The Early Rod Stewart Record That Featured Jimmy Page in His Pre-Zeppelin Days
If you’ve worn out your Led Zeppelin record collection but want to hear more vintage Jimmy Page, you might check on the guitar legend’s earlier work. When you hear Page play on the late recordings of The Yardbirds, it sounds like he’s gearing up for Zeppelin.
That’s exactly what Page was doing. If you’re a fan of the Led Zeppelin III track “Tangerine,” you’ve got to listen to Page’s first version with The Yardbirds. But there’s plenty more to hear from Page before he started working on his own bands.
Beginning in 1963, Page played on over 100 sessions led by other artists, many of whom became brand names. Listening to Page soar on a Joe Cocker Beatles cover is incredibly satisfying, and listening to him work with a young David Bowie offers a fascinating look at mid-’60s London.
But that barely scratches the surface of Page’s session work.

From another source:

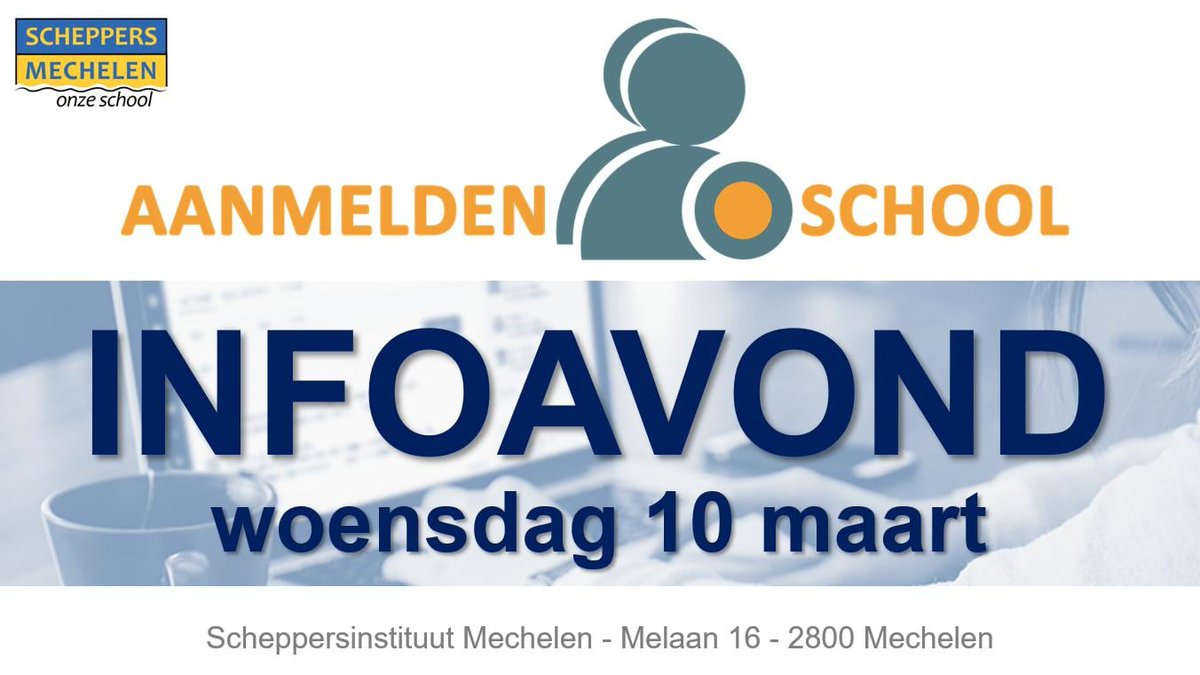 Virtuele infoavond voor ouders van kinderen die momenteel in het zesde leerjaar zitten. Wij geven u uitleg over het digitaal aanmeldsysteem. 
Wij starten om 20 uur. Inschrijven kan op: 
aso.scheppers-mechelen.be/infoavond-over…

In ’64, Page played at the session of then-unknown singer Rod Stewart. It was a few years before Stewart came to resent Page for what he considered Zeppelin’s close take on the Jeff Beck Group.
Jimmy Page played guitar on Rod Stewart’s debut single
After singing around London at various small club gigs, Stewart got a recording contract with Decca and headed into the studio to record his first single. At that date, he found some of the heavy hitters among session players in attendance. Along with “Big Jim” Sullivan on lead guitar, John Paul Jones played bass.

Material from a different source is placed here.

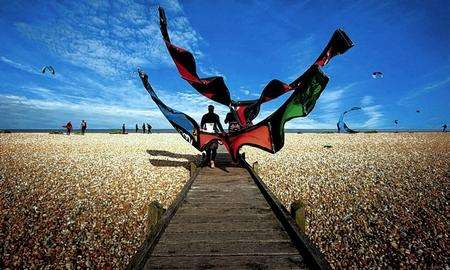 Kite surfing at Greatstone beach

Stewart cut “Good Morning, Little Schoolgirl,” a blues standard dating back to the ’30s, which went out as his debut single. (It has not held up well.) For a B-side, Stewart recorded “I’m Gonna Move to the Outskirts of Town,” another ’30s blues composition.
For that session, Jones wasn’t the only future member of Led Zeppelin in attendance. With Big Jim on lead guitar, “Little Jim” Page played the rhythm part on the track. Neither track from Stewart’s single caught on with listeners or sold many records.
However, the sessions did represent Stewart getting his start on a major label. In the following years, he’d bounce around a bit until he connected with Beck, the guitar giant who by then had left The Yardbirds and was starting his own group.
Stewart later took issue with Page for Led Zeppelin’s similarities to the Jeff Beck Band
Along with Stewart, Jeff Beck had brought in future Rolling Stone Ronnie Wood to play in the band, so the group definitely had a solid foundation. By summer ’68, they released Truth, a record that showcased a power trio approach centered on Beck’s virtuosic, often distorted guitars.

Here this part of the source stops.